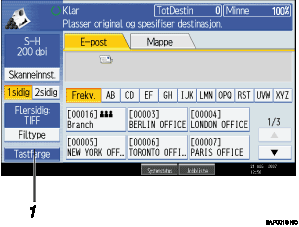 Nummerert illustrasjon av betjeningspanel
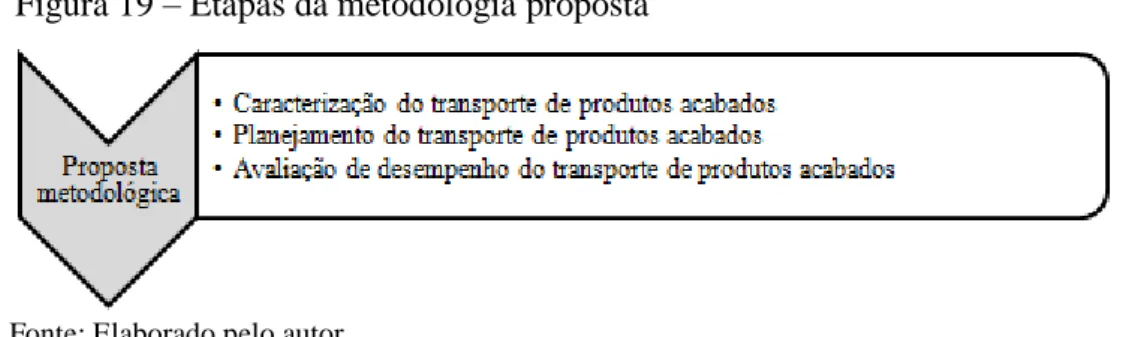 Figura 20  –  Proposta metodológica de planejamento de transporte de produtos  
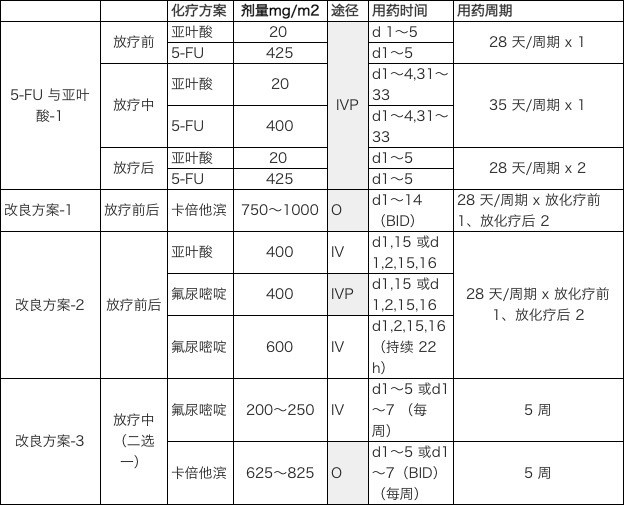 日本胃癌化疗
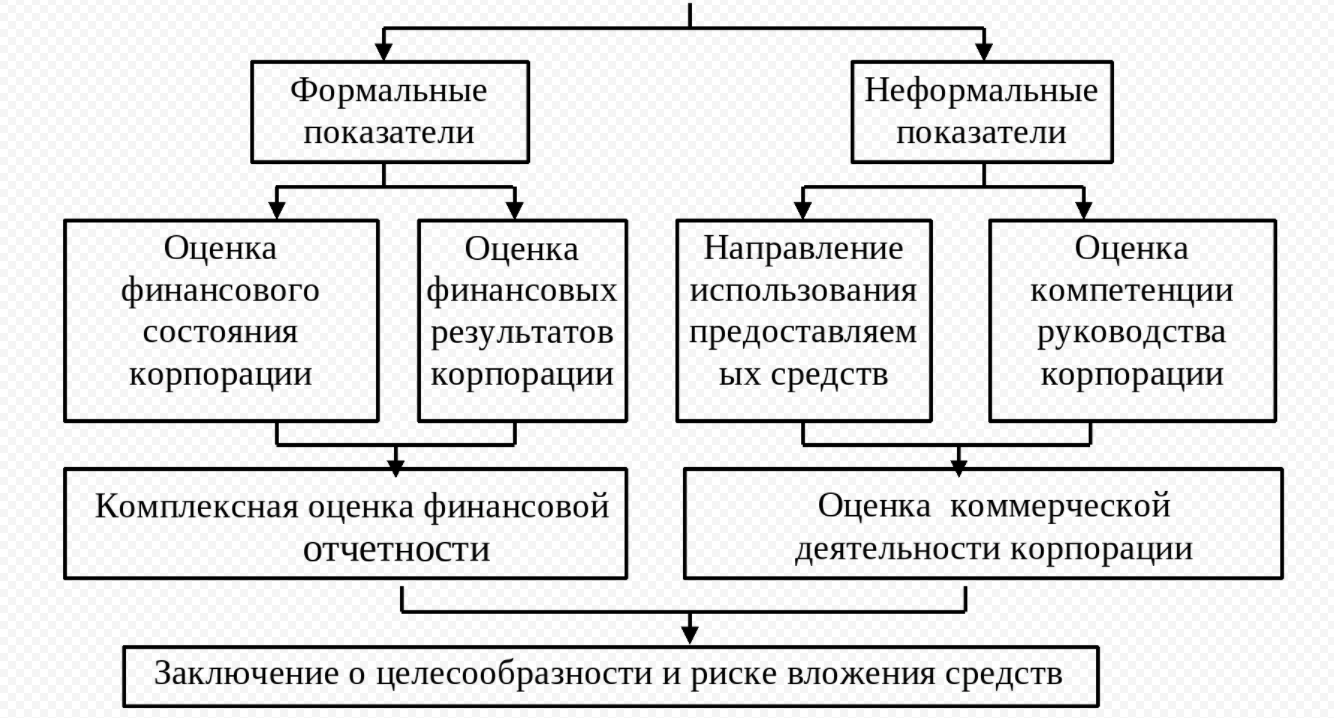 Неформальная организационная структура - Возникновение неформальных организаций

**Task goal:**
The preceding listing must be repeated exactly, with all images dropped.

**Response to this task:**
 Nummerert illustrasjon av betjeningspanel
 Figura 20  –  Proposta metodológica de planejamento de transporte de produtos  
 日本胃癌化疗
 Неформальная организационная структура - Возникновение неформальных организаций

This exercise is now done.